November 23rd, 1954 – The Dow Jones Industrial Average closes at 382.74, the first time it has closed above 381.17 since September 3rd 1929. The stock market has finally recovered from its pre-Great Depression peak after 25 years.

This remains the longest stretch in history for the Dow to make a new high. 

Chart courtesy of Macrotrends

Source: The Market’s Measure

Best November 23rd in Dow Jones Industrial Average History

1907 – Up 3.65%, 1.42 points.

Worst November 23rd in Dow Jones Industrial Average History

1932 – Down 5.84%, 3.69 points.

Read of the Day

The Concept of Dollar Cost Averaging

We all have fears that another 1929-like crash is coming. From late 1929 to 1932 the U.S. stock market fell nearly 90% and as we saw above it would take nearly 25 years for an investor to recover.

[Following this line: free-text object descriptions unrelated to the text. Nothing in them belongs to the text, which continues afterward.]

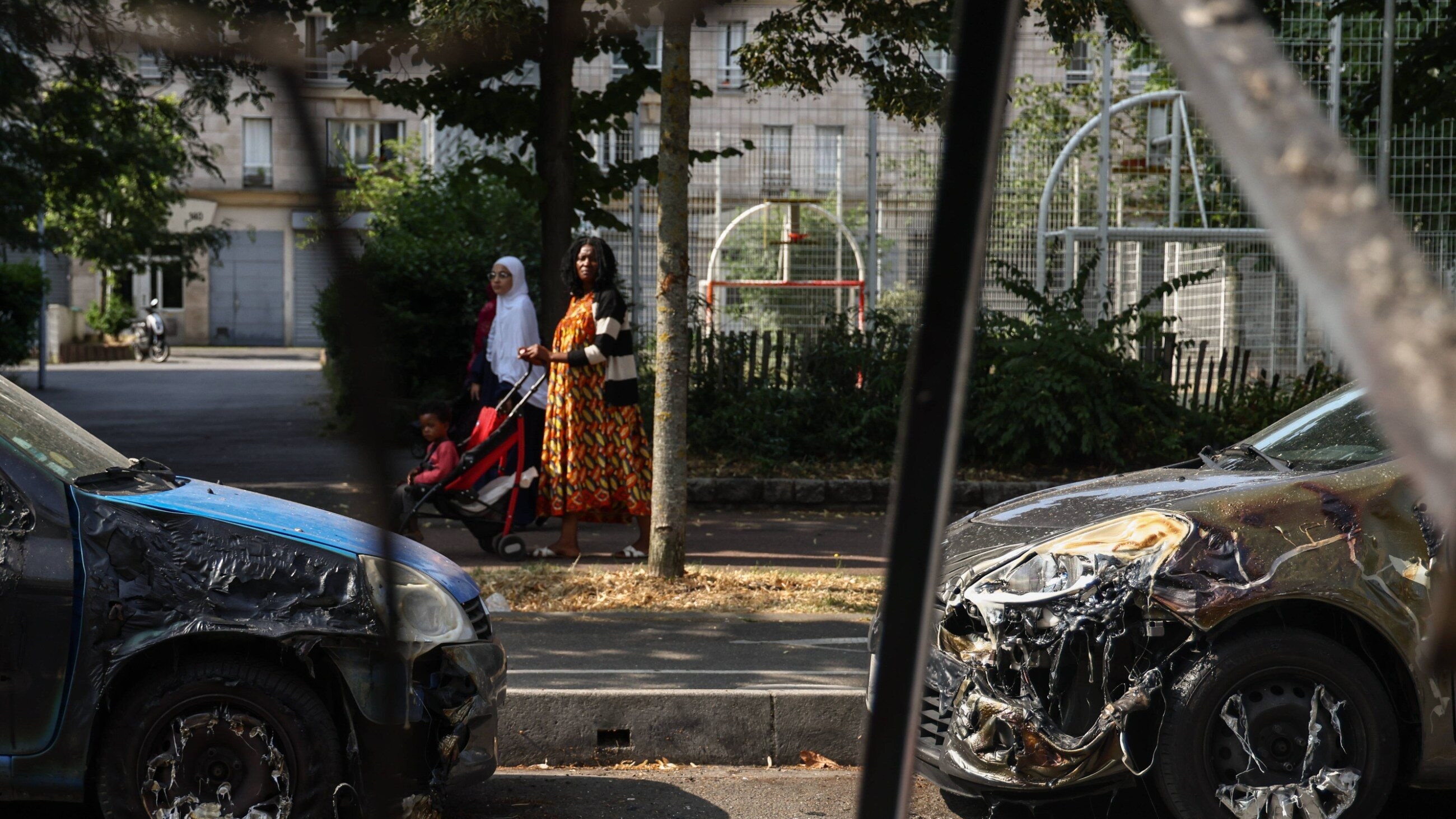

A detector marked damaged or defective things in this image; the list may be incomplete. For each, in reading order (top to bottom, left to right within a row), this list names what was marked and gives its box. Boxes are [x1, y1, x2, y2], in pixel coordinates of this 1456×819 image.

burned grey car [0, 373, 503, 810]
burned blue car [0, 373, 506, 810]
charred car hood [86, 475, 477, 603]
charred car hood [949, 466, 1292, 574]
burned grey car [885, 384, 1456, 816]
burnt front wheel [98, 653, 345, 816]
burnt front wheel [1147, 626, 1398, 816]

But an investor in 1929 who kept their wits and actively invested during that time had a much shorter wait, in fact it turns out a major drop like we saw in 1929 was actually incredibly beneficial for a long term investor!

From the article linked above:

Consider someone in 1929 who invested $100 a month into that same stock index starting in 1929 for the next 10 years. This investor invested $100 whether the market was up 10% or down 90%. In fact, this investor would have had to have some guts to continue to buy the stock market all the way down. But it would pay off:

By 1939 this investor’s investment would have been worth more than $15,000! A gain of $5,000!

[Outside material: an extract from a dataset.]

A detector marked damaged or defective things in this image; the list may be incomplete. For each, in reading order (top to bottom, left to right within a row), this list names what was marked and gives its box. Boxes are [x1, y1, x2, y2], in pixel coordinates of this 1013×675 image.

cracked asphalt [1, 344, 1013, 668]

In this example, the investor would have lost money on some of their investments from early 1929, but because they still have money available to invest they are also able to buy the market at its lows!  This new investor buys every month, and ends up building a large position near the lows of the market. So a decade later when the stock market is recovering, they are in position to make a lot of money!

A disciplined, patient and persistent investor can make money even in the midst of the worst economic climate history has seen!

(The article also looks at examples of investors who dollar cost averaged through the 1999 tech bubble.)

Often we let the fear of a potential fall in the stock market prevent us from investing. “Stocks have gone up recently…I’m just going to wait until they drop before I invest” is something we have all heard or thought of ourselves. But the truth is these declines, even massive ones like that seen in the great depression can mean much less over the long term (and actually be beneficial!) for an investor who maintains discipline and continuously invests.

If a fear of a short term market loss is holding you up from investing today read this article and start a dollar cost averaging approach to your investments. You will thank yourself later.